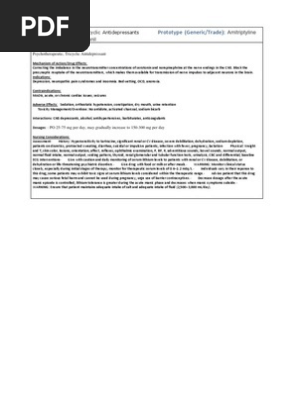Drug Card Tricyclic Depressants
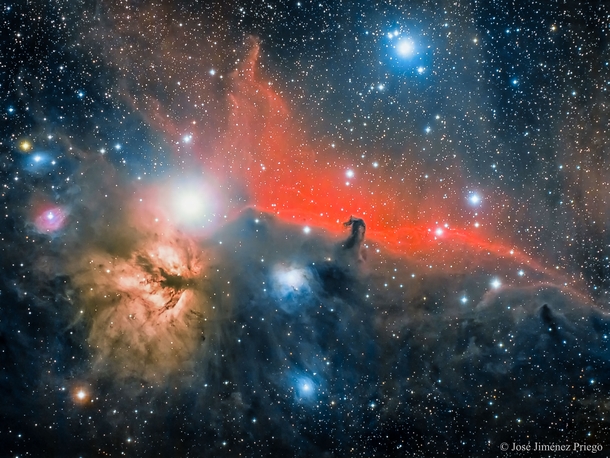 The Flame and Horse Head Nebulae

• • • • •

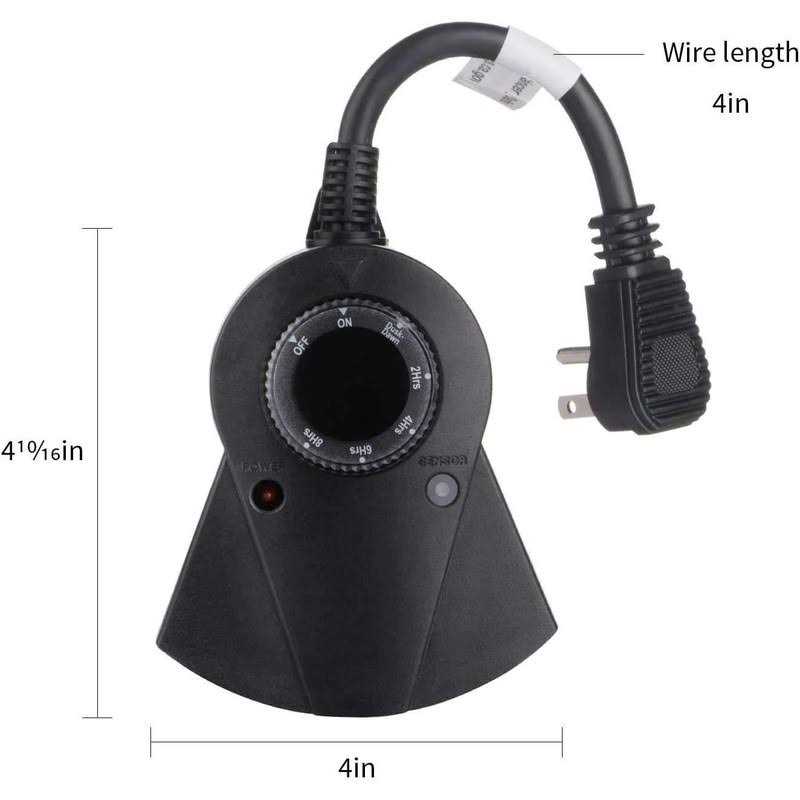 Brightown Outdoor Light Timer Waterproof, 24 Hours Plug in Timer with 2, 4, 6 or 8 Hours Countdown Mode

• • • • •

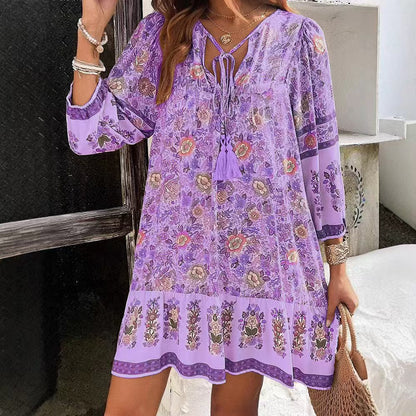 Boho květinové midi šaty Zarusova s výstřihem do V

• • • • •

◆ YOUR OBJECTIVE
Look above for the line containing "Drug Card Tricyclic Depressants", then copy exactly from it through the line containing "The Flame and Horse Head Nebulae", keeping both and leaving out pictures. Add nothing else.

◆ WRITTEN SOLUTION
Drug Card Tricyclic Depressants
 The Flame and Horse Head Nebulae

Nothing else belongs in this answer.